FIRST DISTRICT ADHERES TO THE “PRO RATA” METHOD TO SUPPORT REDUCTION OF MEDICAID LIENS.

Domingo v. Agency for Health Care Admin., 1D18-2573, 45 Fla. L. Weekly D2603 (Fla. 1st DCA Nov. 18, 2020); Soto v. Agency for Health Care Admin., 1D17-5387, 45 Fla. L. Weekly D2604 (Fla. 1st DCA Nov. 18, 2020).

An injured plaintiff can initiate an administrative proceeding in order to challenge or reduce a Medicaid lien. In a pair of recent cases, the First District held that the ALJ erred in refusing to reduce the Medicaid liens where the plaintiffs had presented evidence, using the pro rata method, that only a portion of the settlement proceeds should be used to satisfy their liens. Where the Agency for Health Care Administration failed to present any evidence that the pro rata methodology was inaccurate, or that another method would be appropriate, the ALJ should have reduced the liens accordingly.

 

UNIVERSITY OF MIAMI PROTECTED BY SOVEREIGN IMMUNITY FOR SERVICES PROVIDED BY ITS EMPLOYEE AT JACKSON MEMORIAL HOSPITAL.

Lazzari v. Guzman, 3D19-597, 45 Fla. L. Weekly D2426 (Fla. 3d DCA Oct. 28, 2020).

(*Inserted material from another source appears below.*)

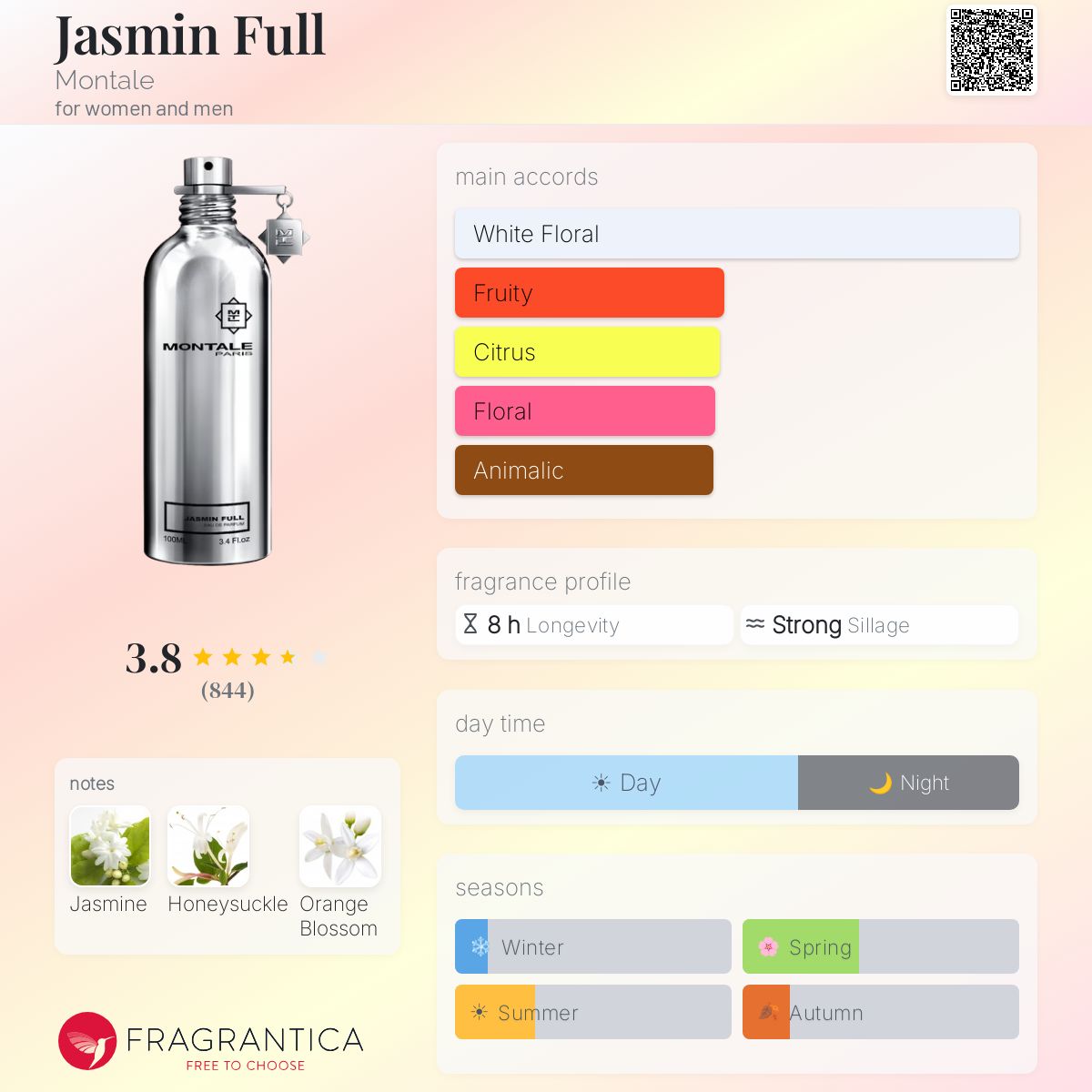 Fragrantica image 5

In 2011, after the Florida Legislature amended the sovereign immunity statute to include teaching hospitals, the University of Miami and Jackson Memorial Hospital entered into an agreement under which the University of Miami’s employees and faculty, while treating patients at Jackson, are considered agents of the public hospital. The trial court agreed, and the Third District affirmed, the University’s contention that it was entitled to sovereign immunity under the new version of the statute and the affiliation agreement.

 

FIFTH DISTRICT CLARIFIES CAUSATION STANDARD IN WHISTLEBLOWER CASES.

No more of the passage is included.